Task details:
Return the listing exactly. Keep no pictures.

Data block:
╭──
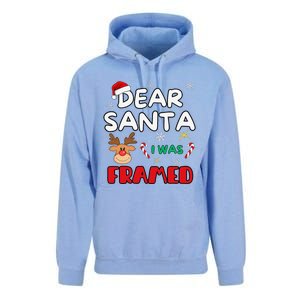 Dear Santa I Was Framed Funny Xmas Family Matching Unisex Surf Hoodie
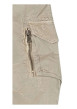 Thumbnail Pantalon slim style cargo en coton beige à poches latérales à soufflets façon army et zip - Image 3
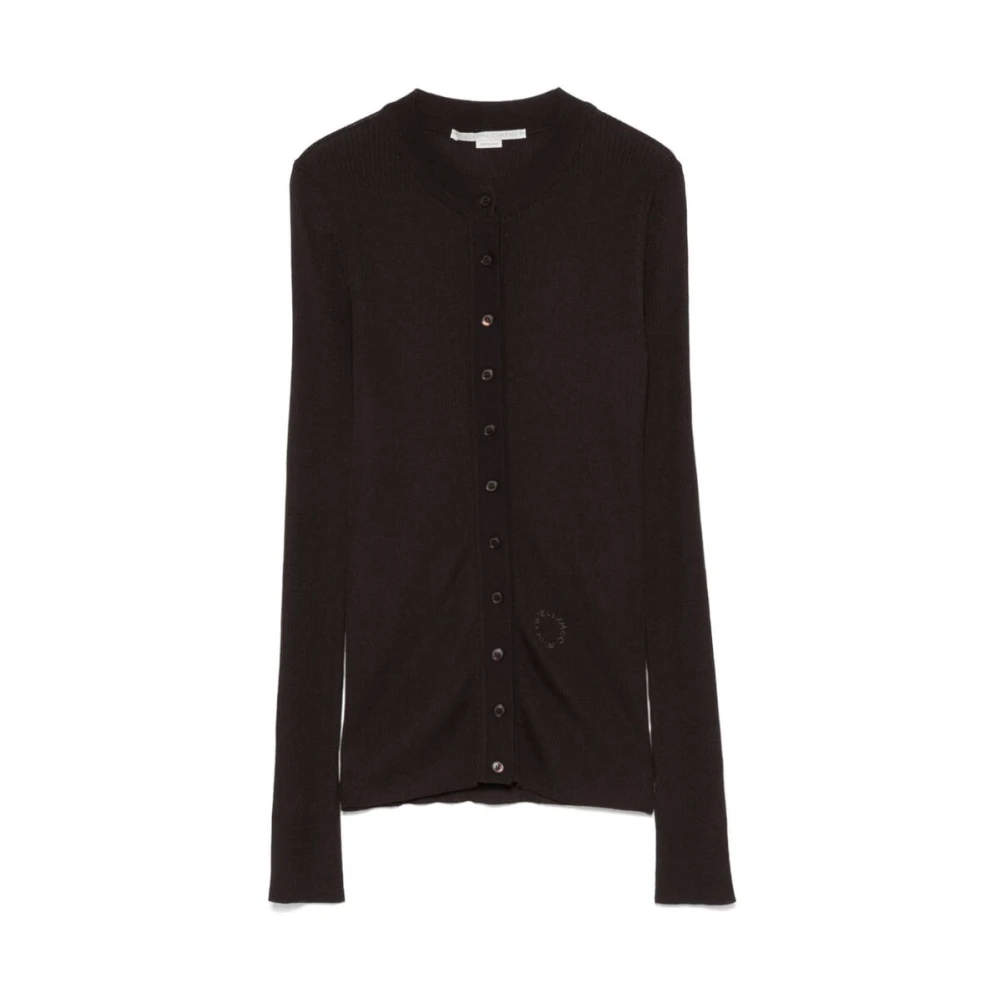 Stella Mccartney Bruine Wol Ronde Hals Trui Brown Dames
╰──
Answer to the exercise:
 Dear Santa I Was Framed Funny Xmas Family Matching Unisex Surf Hoodie
 Thumbnail Pantalon slim style cargo en coton beige à poches latérales à soufflets façon army et zip - Image 3
 Stella Mccartney Bruine Wol Ronde Hals Trui Brown Dames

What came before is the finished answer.